# Requesting prayers for continued blessings.



## j_seph (Dec 27, 2015)

At 9:30 Christmas night I asked Susan to spend her life with me. We took the first step in this promise when she said yes. Ever since I allowed GOD to move in my life it has been a beautiful journey. Please pray for us that his blessings will still abound as we keep him in the center of our lives.


----------



## Hilsman (Dec 27, 2015)

Congrats!!!!  Will say a prayer for y'all.


----------



## welderguy (Dec 27, 2015)

A good wife is the best gift a man could ever ask for,next to Jesus.
You are a blessed man.Prayers for you both.


----------



## speedcop (Dec 29, 2015)

congratulations!
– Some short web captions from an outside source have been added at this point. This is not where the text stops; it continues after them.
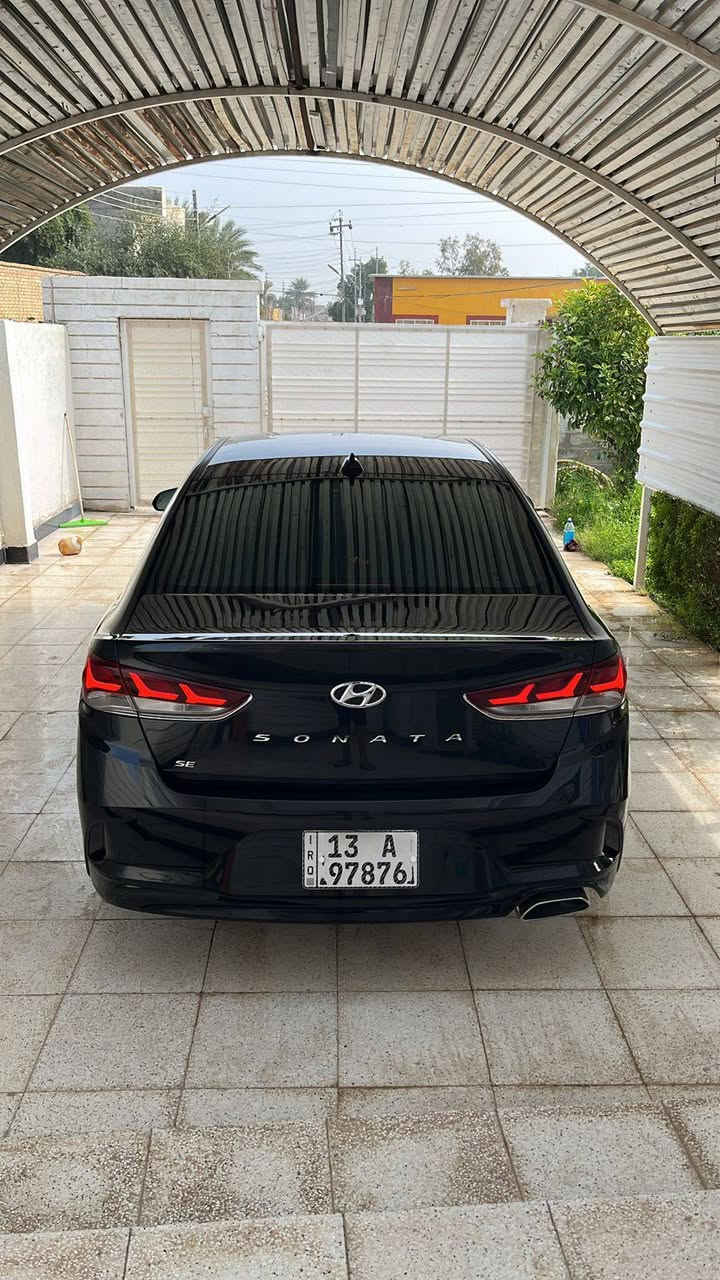 السلام عليكم
سوناتا امريكي موديل 19
مكينه 2400
ضررها بنيد  تبديل مطابق فقط سياره ماشيه 52 جاهزه من كلشي تخم تاير جديد منظومه زنون عليها بورقه سياره نظيفه كلش مكينة كير مكفول مكان السياره ميسان للتواصل
***********
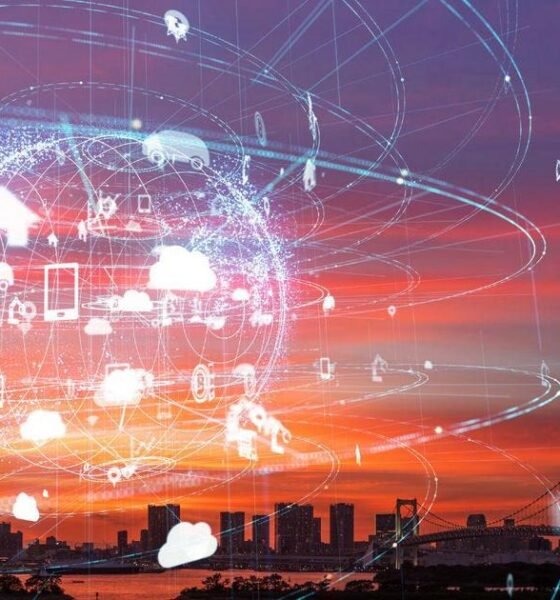 Internet das Coisas (IoT)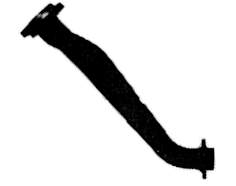 изпускателна тръба IMASAF              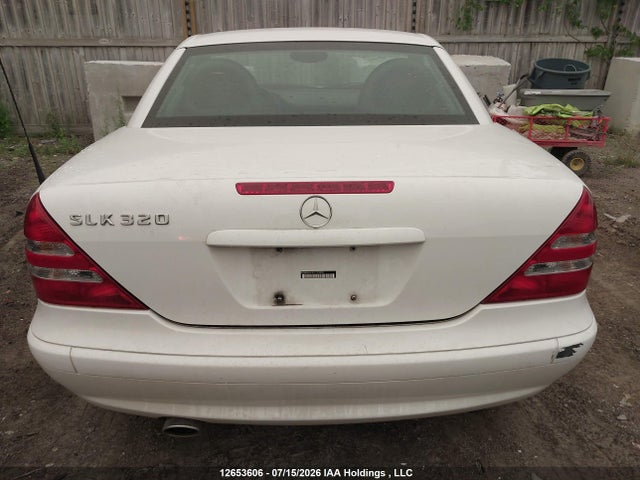2001 Mercedes-BENZ SL thumbnail 16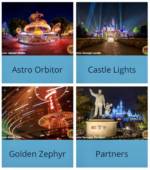 MiceChat Photo Contest Disneyland Nighttime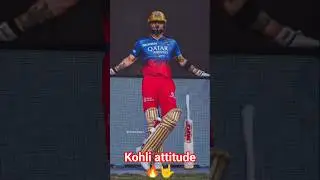 Virat Kohli #attitude💥🤟#shayari#stats#big cricket lover 💕 #cricket shot#sudeep sarkar 🤟🤟😈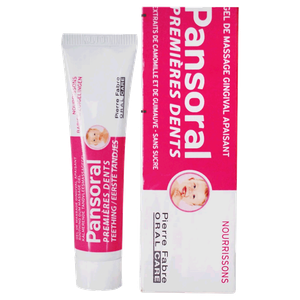 Bansoral Teething Gel Infant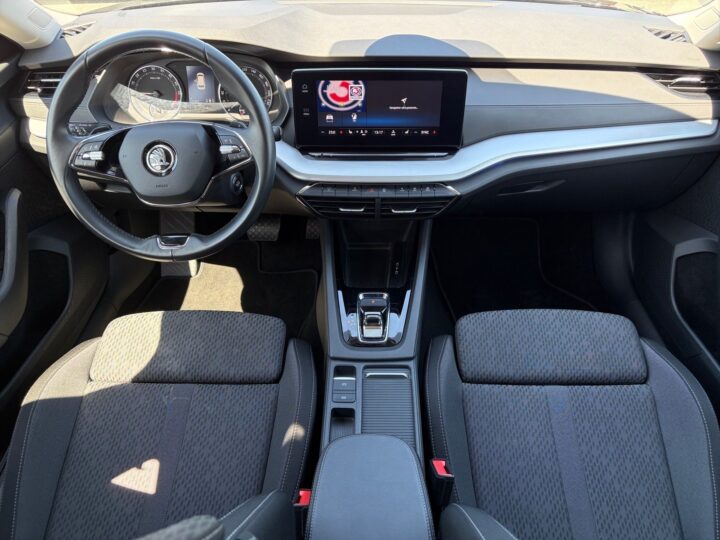 Abbildung Fahrzeugdetailansicht Skoda Octavia - Nr. 9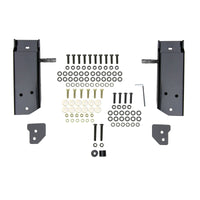 Westin 2011-2016 Ford F-250/350 HDX Winch Mount Grille Guard - Black - 57-92375
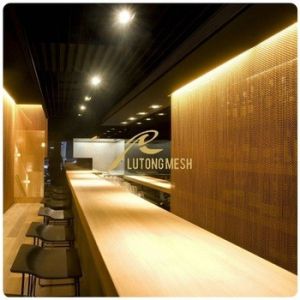 Aluminium hanging fly screen curtain saloon room curtain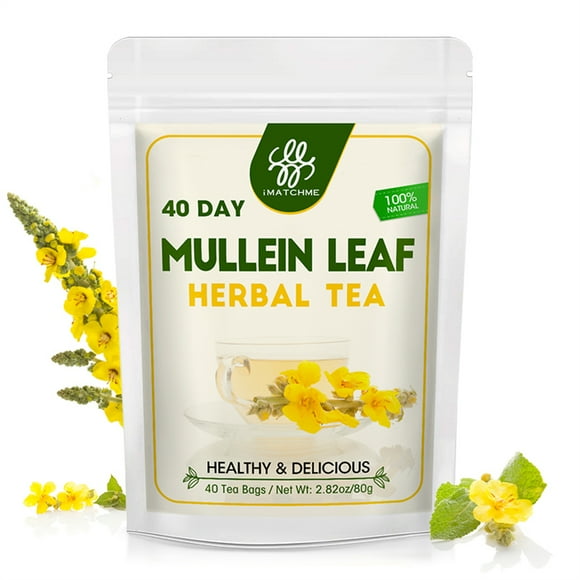 Mullein Leaf Tea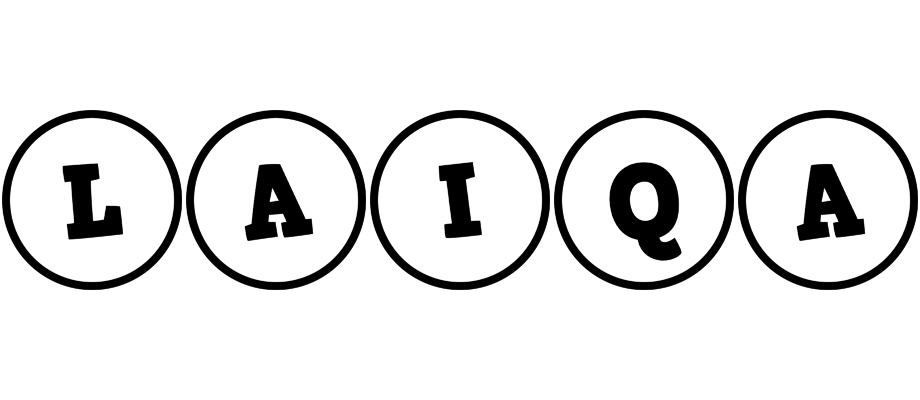 Laiqa handy logo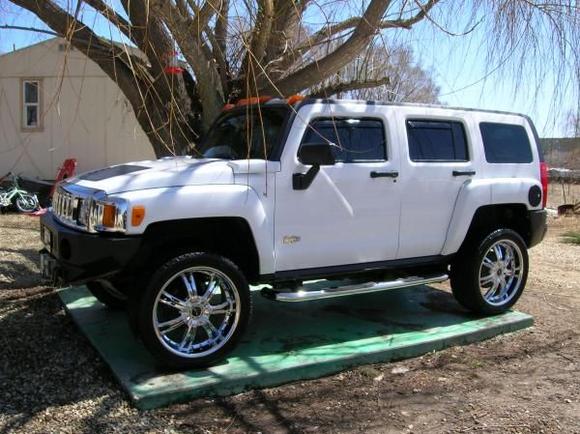 H3 ON 22"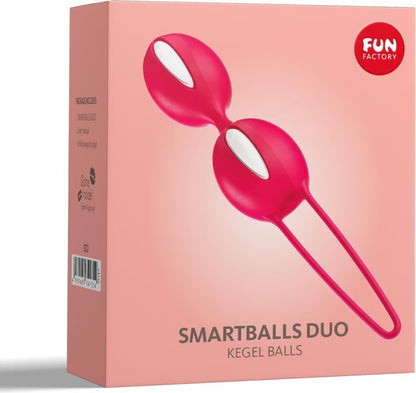 Smartballs Duo Rot – Erotikshop Schweiz | Liebelei.ch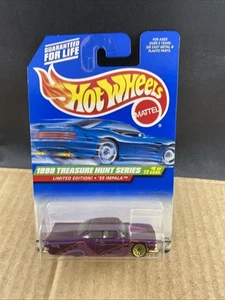Hot Wheels 1999 Serie Caccia al Tesoro, 59 Impala #934, MULTIPLI OGGETTI SPEDIZIONE $1 - Foto 1 di 3
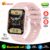 For Huawei Xiaomi GPS Outdoor Military Rugged Sports Bluetooth Call Smartwatch Men Waterproof Voice Assistant Health Smart Watch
How great to hear a young couple invoke God as the center of your lives. Many blessings lay ahead.


----------



## Core Lokt (Jan 5, 2016)

Congrats man!!! Praying for a successful and happy marriage for both of you.


----------



## riverbank (Jan 6, 2016)

Core Lokt said:


> Congrats man!!! Praying for a successful and happy marriage for both of you.



X2 ! Thats awesome.


----------



## Headshot (Jan 6, 2016)

Congratulations to both of you.  Prayers added for you, too.


----------



## mattech (Jan 7, 2016)

Man, that's awesome, I'm so happy for both of you.


----------